→ ASSIGNMENT: Copy every line of the records exactly, without including the images.

── DATA ──

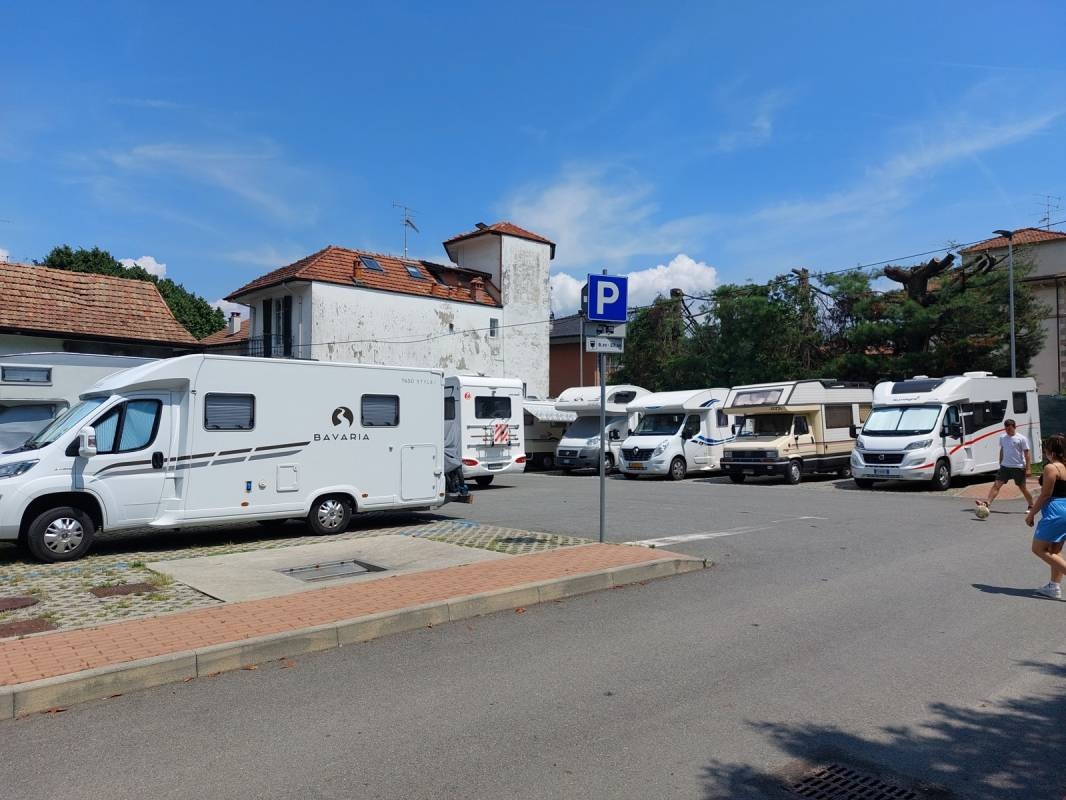 Stellplatz Stresa — Bobilplass in Stresa VB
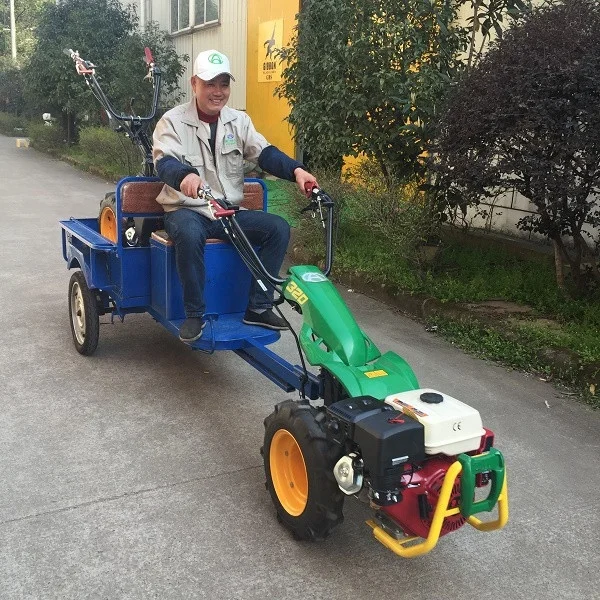 Маленький трактор и прицеп с приводом PTO для продажи Танзания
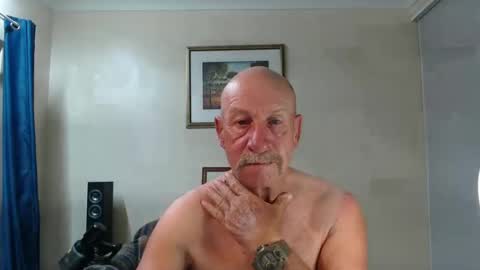 Lovesblackazz online show from December 19, 10:13 am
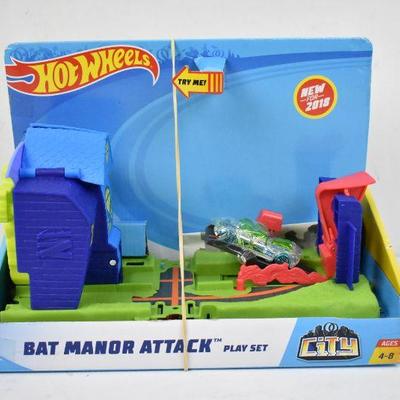Hot Wheels Bat Manor Attack Play Set - Open, Works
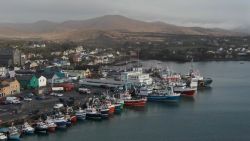 CNNE 1147243 - pescadores logran que rusia aleje ejercicios navales de la costa irlandesa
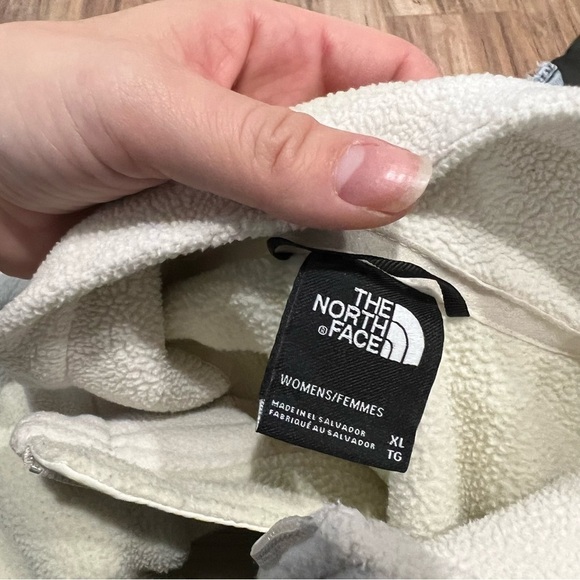 The North Face Women's Campbell Pullover Fleece Jacket - Picture 9 of 10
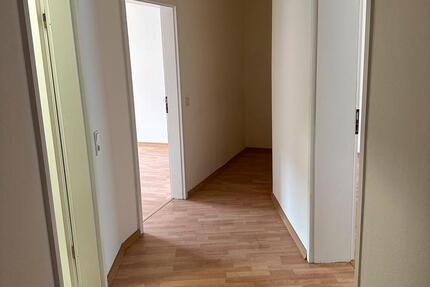 Wohnung Saarbrücken - 3 Zimmer, 81 m&sup2;, 800&euro; | Angebot:25186112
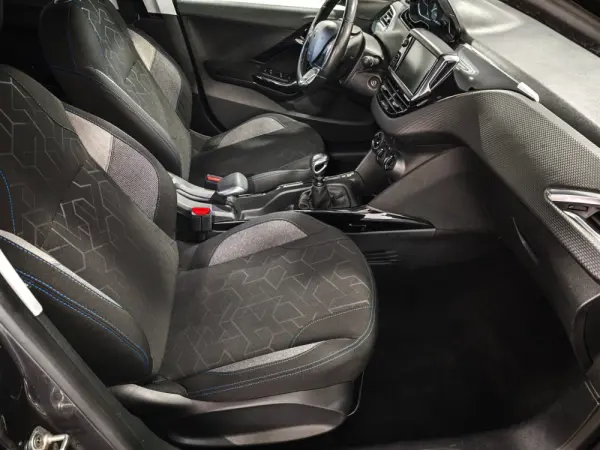 Peugeot 2008 1.2 PureTech Signature 23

───

→ SOLUTION:
 Stellplatz Stresa — Bobilplass in Stresa VB
 Маленький трактор и прицеп с приводом PTO для продажи Танзания
 Lovesblackazz online show from December 19, 10:13 am
Hot Wheels Bat Manor Attack Play Set - Open, Works
 CNNE 1147243 - pescadores logran que rusia aleje ejercicios navales de la costa irlandesa
 The North Face Women's Campbell Pullover Fleece Jacket - Picture 9 of 10
 Wohnung Saarbrücken - 3 Zimmer, 81 m&sup2;, 800&euro; | Angebot:25186112
 Peugeot 2008 1.2 PureTech Signature 23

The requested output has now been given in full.